## Stored data entries
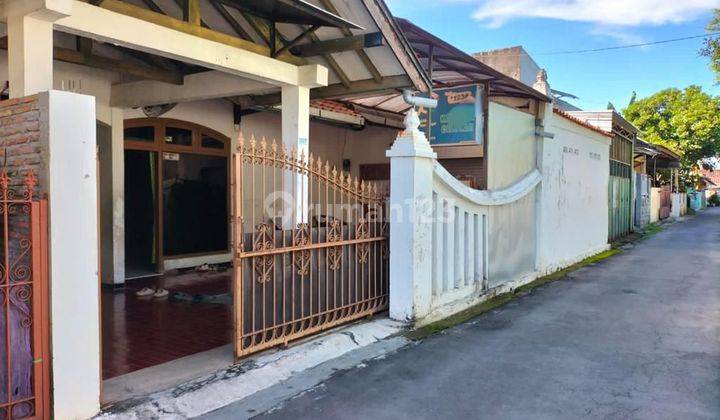 Rumah 2 Lantai Lahan Luas Di Dekat Underpass Makamhaji 1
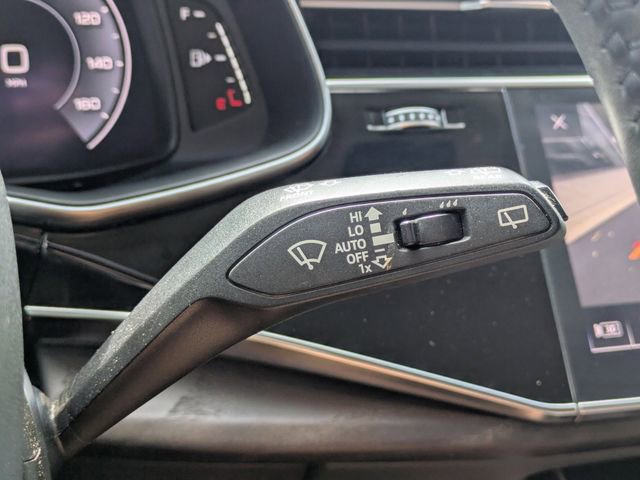 Used 2020 Audi Q8 Premium Plus w/ Premium Plus Package AWD/4WD image 30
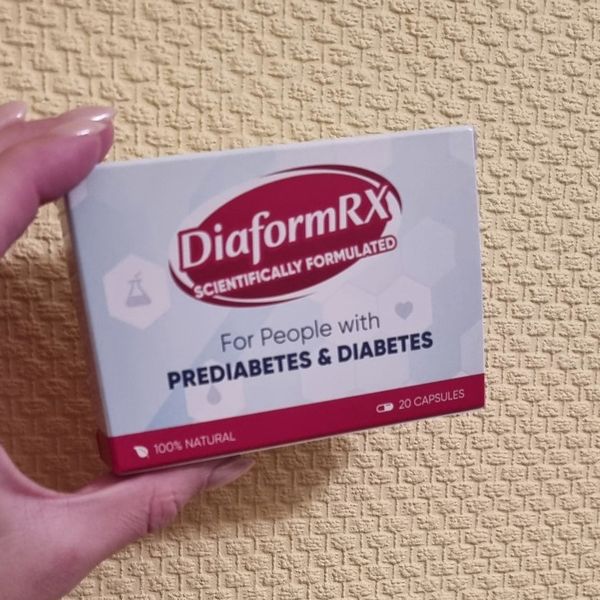 Mano que sostiene la caja de DiaformRX de 20 cápsulas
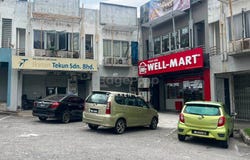 Batu Caves, Selangor 68100
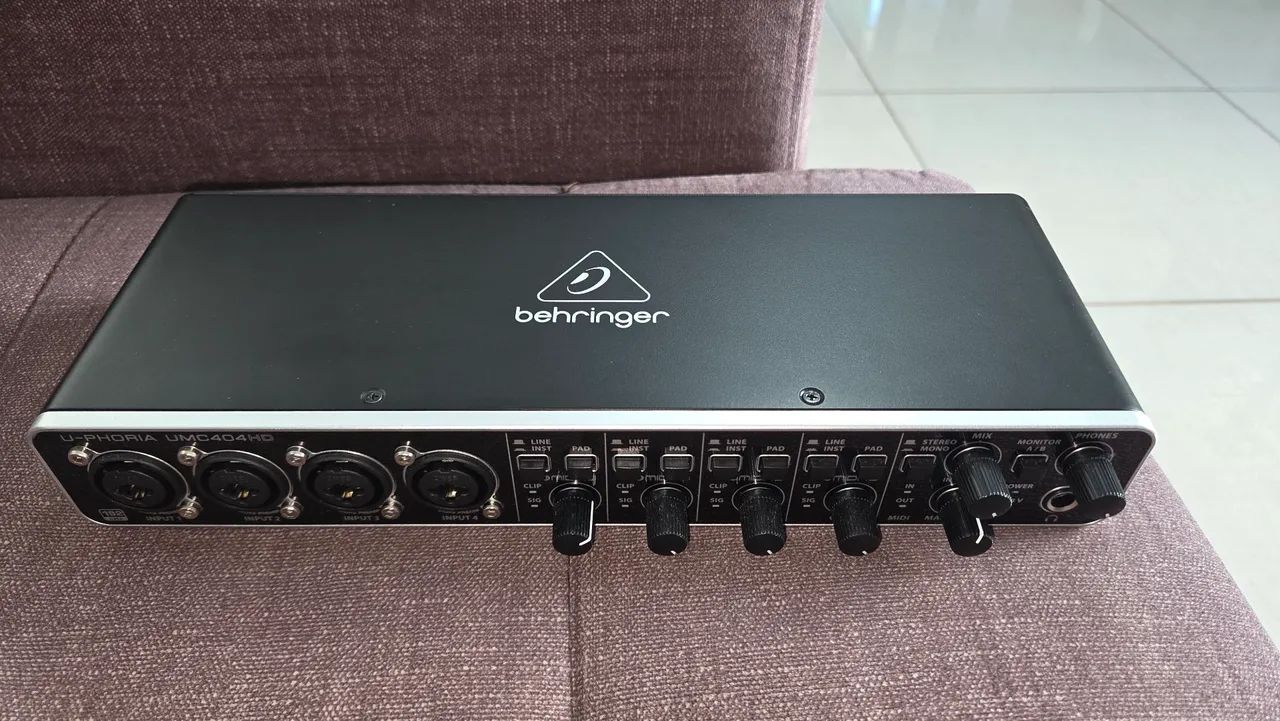 INTERFACE DE ÁUDIO BEHRINGER UMC404HD 4 CANAIS - Foto 2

## Task description
Repeat the records above verbatim, dropping the pictures.

## Worked solution
 Rumah 2 Lantai Lahan Luas Di Dekat Underpass Makamhaji 1
 Used 2020 Audi Q8 Premium Plus w/ Premium Plus Package AWD/4WD image 30
 Mano que sostiene la caja de DiaformRX de 20 cápsulas
 Batu Caves, Selangor 68100
 INTERFACE DE ÁUDIO BEHRINGER UMC404HD 4 CANAIS - Foto 2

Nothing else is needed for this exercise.